The Industrial Internet of Things (IIoT) has opened many security concerns, confusion about what constitutes an endpoint and unrealistic perspectives on protecting systems and data, according to the 2018 SANS Industrial IoT Security Survey report.
More than half of those taking the SANS survey reported that the most vulnerable aspects of their infrastructure are data, firmware, embedded systems or general endpoints. At the same time, respondents indicated that the debate continues over the definition of an IIoT endpoint.
"The discrepancy in defining IIoT endpoints is the basis for some of the confusion surrounding responsibility for IIoT security," according to Doug Wylie, Director of the Industrials & Infrastructure Business Portfolio at SANS Institute. "Many practitioners likely are not adequately identifying and managing the numerous assets that in some way connect to networks and present a danger to their organizations. For this reason, it is important for company IT and OT groups to agree to a common definition to help ensure they adequately identify security risks as they evolve their systems to adapt to new architectural models."
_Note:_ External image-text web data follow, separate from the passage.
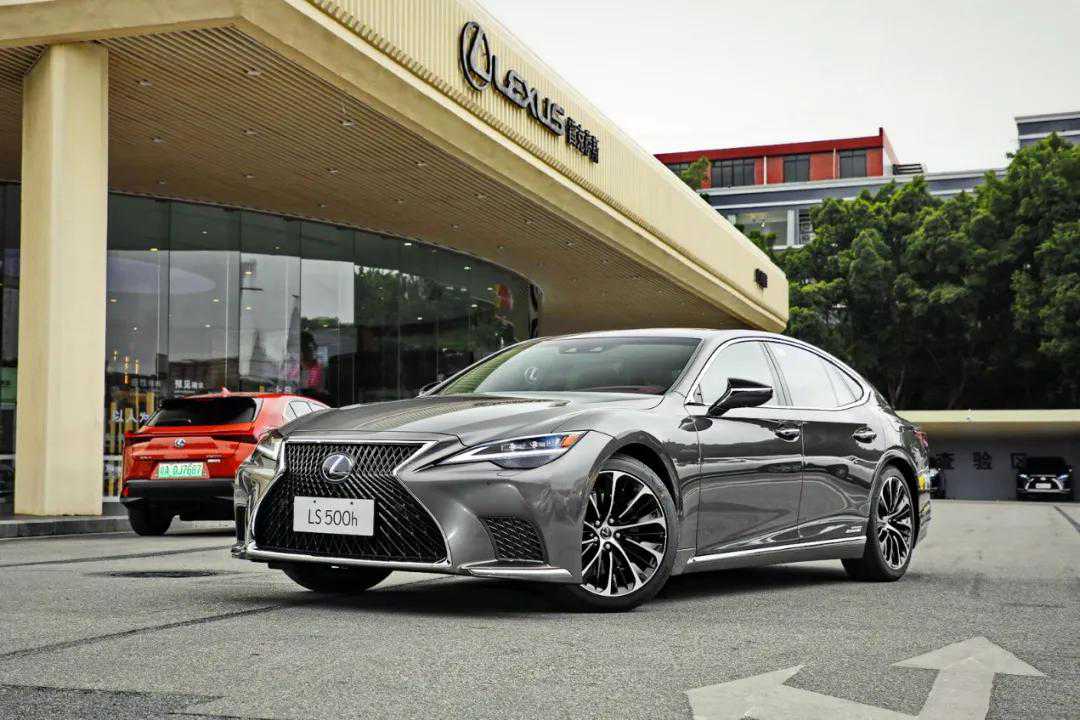 超级低调，不贵但超多人喜欢，新款雷克萨斯LS实拍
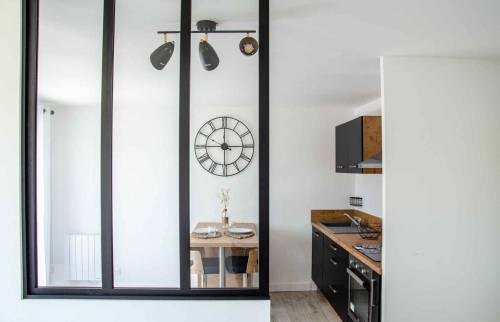 Vue sur le salon aménagé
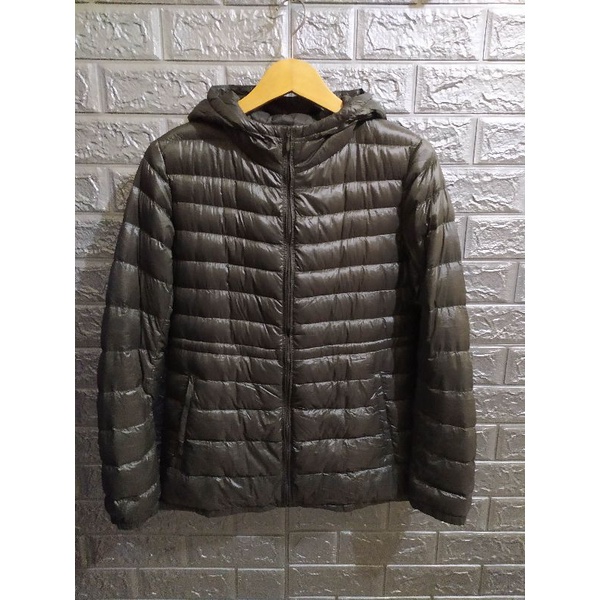 jaket bulu angsa  uniqlo ultra light size M wanita fit S cowo second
The survey uncovered other potential endpoint issues. For example, only 40 percent said they apply and maintain patches and updates to protect IIoT devices and systems, and 56 percent noted difficulty in patching as one of the greatest security challenges. Almost 40 percent said identifying, tracking and managing devices represented another significant security challenge.
Finally, the survey unveiled big gaps between the OT, IT and management perceptions of IIoT security. Only 64 percent of OT departments reported being somewhat-confident or confident in their ability to secure their IIoT infrastructure, as opposed to 83 percent of IT department respondents and 93 percent of company leaders.